Sono versi semplici e profondi che ci fanno assaporare il devoto pellegrinaggio verso la Casa del Padre che è la Casa del Figlio, il cuore di Betlemme, dove quella Divina mangiatoia ormai vicina ci permette di andare lontano! E’ la Casa che dà vita al paradiso, quella Casa che sempre ci accoglie, seppur così apparentemente strana. Il Gloria in Profundis composto da Chesterton nel 1927 conclude il cammino meditabondo dei Re Magi e ci fa approdare al Porto gioioso di salvezza, al terrificante ed esplosivo Annuncio anticipato nei cieli dagli angeli: “Sulla terra è caduto come un pegno, dio troppo grande pel cielo. Da ogni cosa esplodendo egli ha infranto i confini dell’eterno”. Chesterton, pur nella consapevolezza che l’eterno non può avere confini, gioca sulla forza del paradosso (Dio troppo grande per il cielo) per farci trasalire e sconvolgere dall’inaudito: “Chi sarà fiero se i cieli son umili, salirà se i monti cadono, le stelle fisse slittano e un diluvio d’amore tutto sommerge?

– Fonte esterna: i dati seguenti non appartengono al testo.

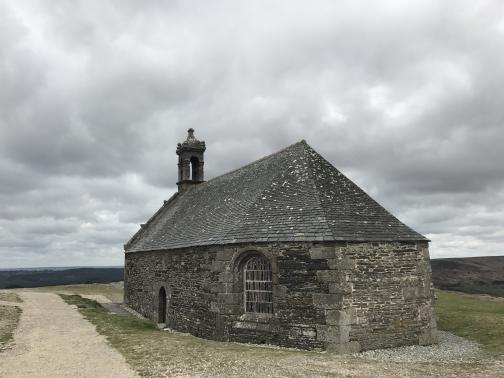 A squat stone chapel with a rounded end sits to the northwest on a flat, elevated site.  The chapel has an angled roof and a short bell tower, a small doorway, and a slightly larger stained-glass window.  To the left is a wide, beaten-down dirt path.  The sky is overcast.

Chi mai potrà corona aspirare, chiamar diritto sua voglia, col flusso astrale lottare, se in basso discende tutto ch’è bene?”. L’attualità sconvolgente del paradosso cristiano di Colui che è così Alto e così umilmente si abbassa viene proiettata dinanzi agli occhi di un mondo pretenzioso e peccaminoso che chiama diritto ogni sua voglia, ogni suo capriccio. Chi mai, ci interroga Chesterton, può essere ancora così arrogante dinanzi a cieli così umili? Salire se i monti cadono? Insuperbirsi nelle proprie ribellioni, come quegli angeli capeggiati da Lucifero?

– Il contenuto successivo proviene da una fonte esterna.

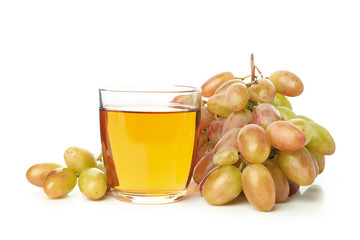 Ripe grape and glass of juice isolated on white background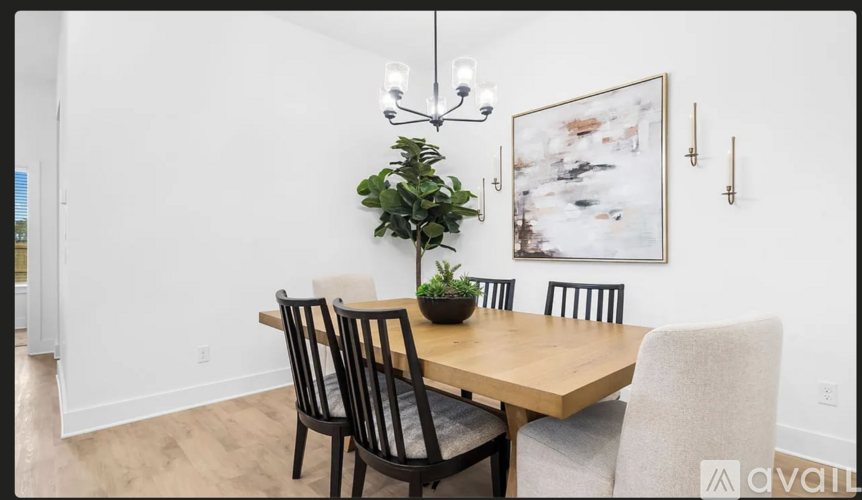 A dining room with a wooden table and chairs.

Nella composizione poetica Chesterton ci mostra l’insolenza del peccato di coloro che precipitarono scalando: “Poiché temendo una tale caduta gli angeli caduti caddero scalando, invertiti in arroganza, d’inferno il monte pendente…Che al Signore sia Gloria nel Più Basso, getto in piena delle stelle, laddove il tuono pensa d’essere lento e il lampo si teme tardo: cercando una gemma persa noi la seguiamo, cacciamo e staniamo, e la stella cadente l’ha trovata nella caverna a Betlemme”.